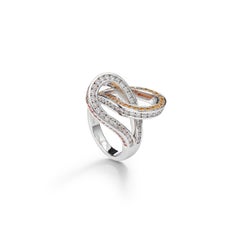 Yellow Sapphires and Diamond Gold Ring
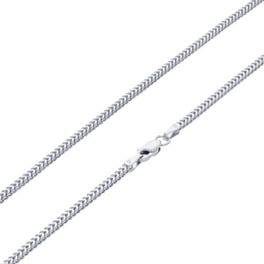 14K White Gold Chain Ball Bead Chain Necklace (16-24 Inches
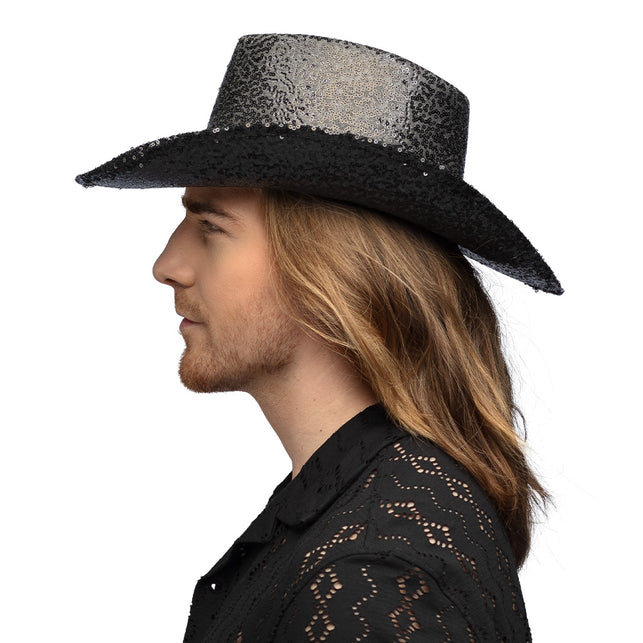 Boland Cowboyhoed Rodeo Party zwart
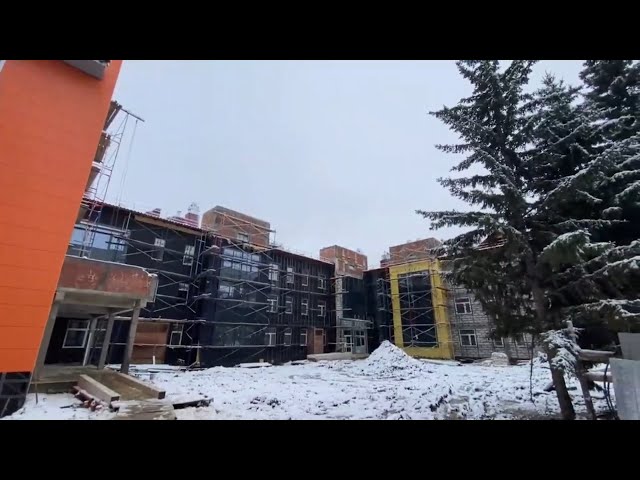 В рабочем поселке Маркова под Иркутском идет строительство двух новых корпусов геронтологического центра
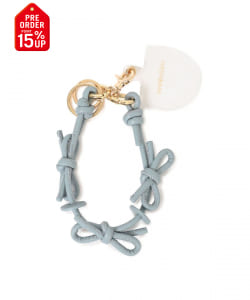 【+15%ポイントUP】【WEB限定】Hashibami / レザー リボン スマホハンドストラップ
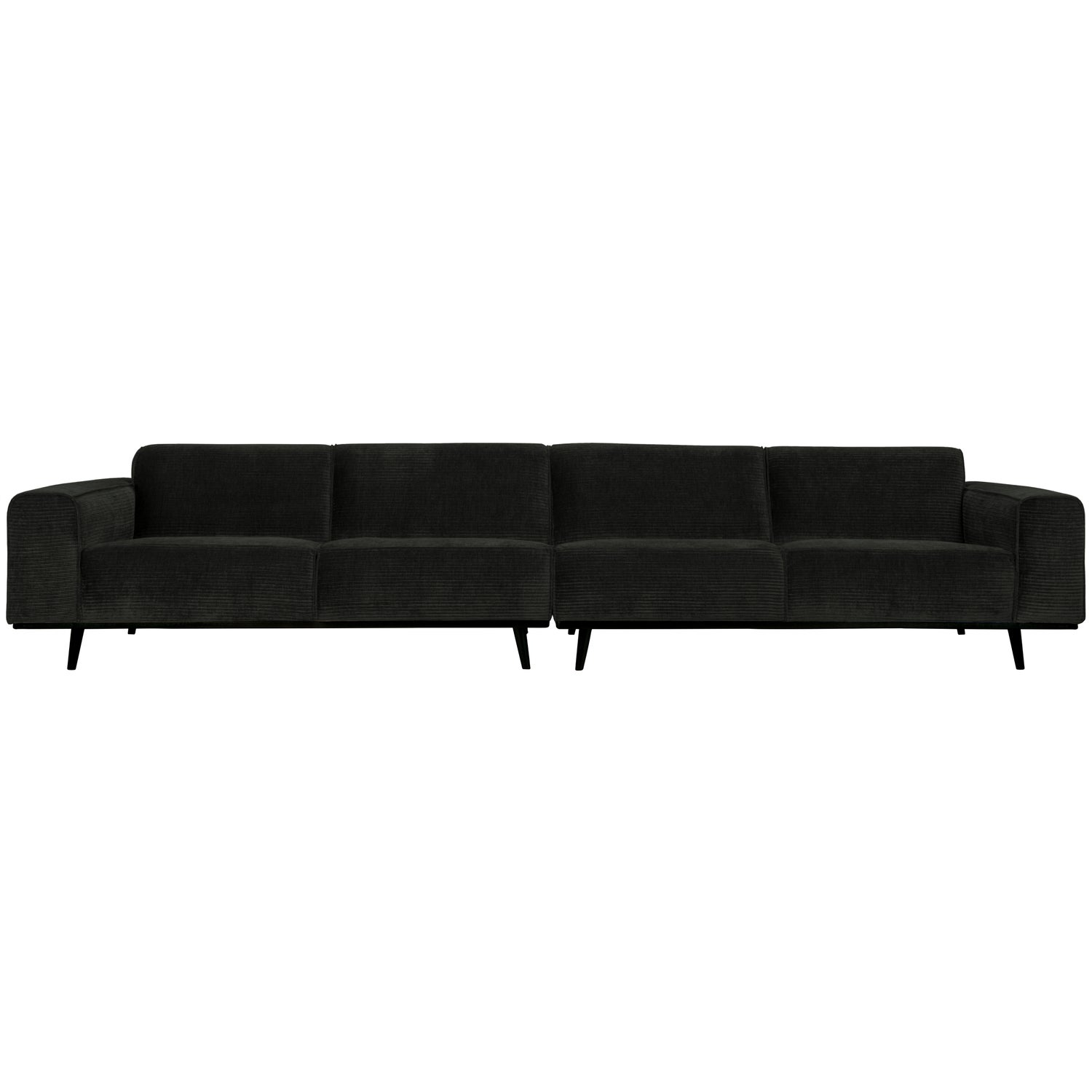 Statement xl 4-zits bank 372 cm lichtbruin melange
****
Starting with the line that has "14K White Gold" and ending with the last line of the records, retype every line exactly and only those lines. Do not include the pictures.

Final answer:
 14K White Gold Chain Ball Bead Chain Necklace (16-24 Inches
 Boland Cowboyhoed Rodeo Party zwart
 В рабочем поселке Маркова под Иркутском идет строительство двух новых корпусов геронтологического центра
 【+15%ポイントUP】【WEB限定】Hashibami / レザー リボン スマホハンドストラップ
 Statement xl 4-zits bank 372 cm lichtbruin melange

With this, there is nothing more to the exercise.